Only one span is wanted from the lines below: from the one with "GERM4815TTE 02130617 Better" up to and including the one with "328 S Auburn". Copy it exactly, without images.

▶ **Stored data**
[Start of Attachment]
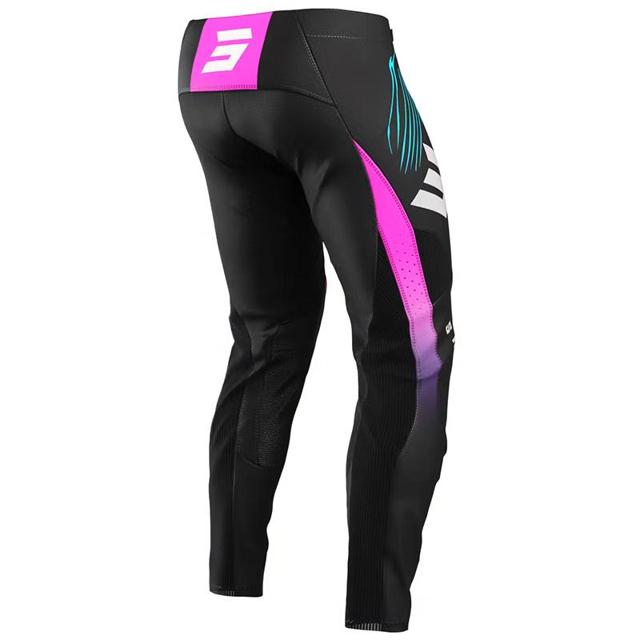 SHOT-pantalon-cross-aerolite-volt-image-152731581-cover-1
[End of Attachment]
[Start of Attachment]
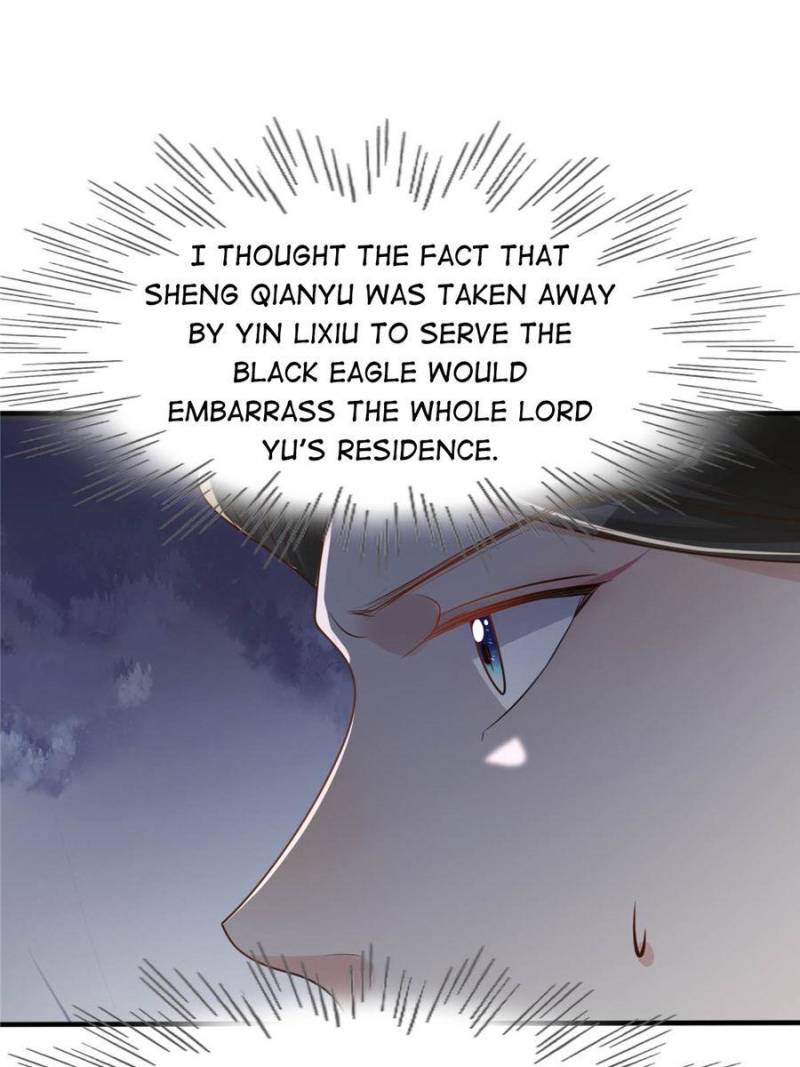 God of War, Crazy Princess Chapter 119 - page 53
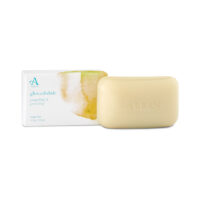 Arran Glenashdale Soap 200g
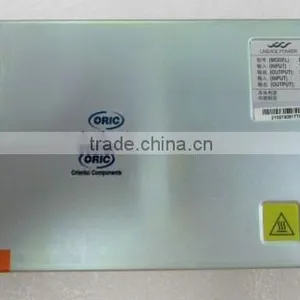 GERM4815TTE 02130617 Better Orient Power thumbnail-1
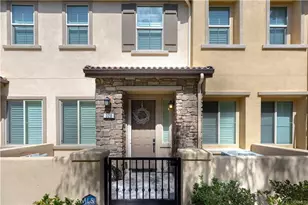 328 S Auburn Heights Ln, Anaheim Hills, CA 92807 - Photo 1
[End of Attachment]
[Start of Attachment]
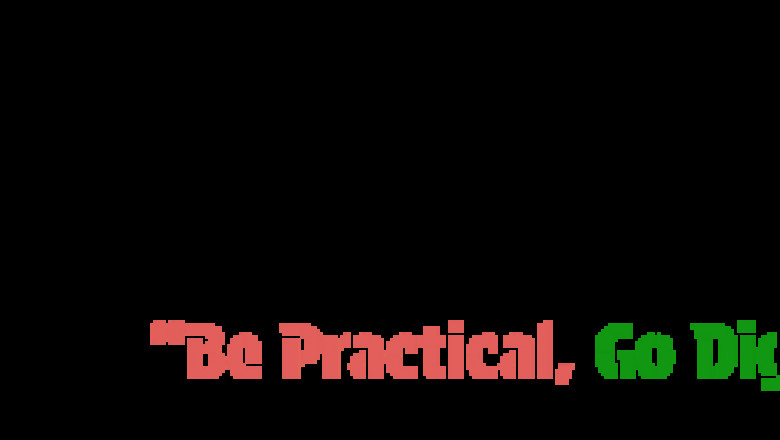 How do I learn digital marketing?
[End of Attachment]
▶ **Answer section**
 GERM4815TTE 02130617 Better Orient Power thumbnail-1
 328 S Auburn Heights Ln, Anaheim Hills, CA 92807 - Photo 1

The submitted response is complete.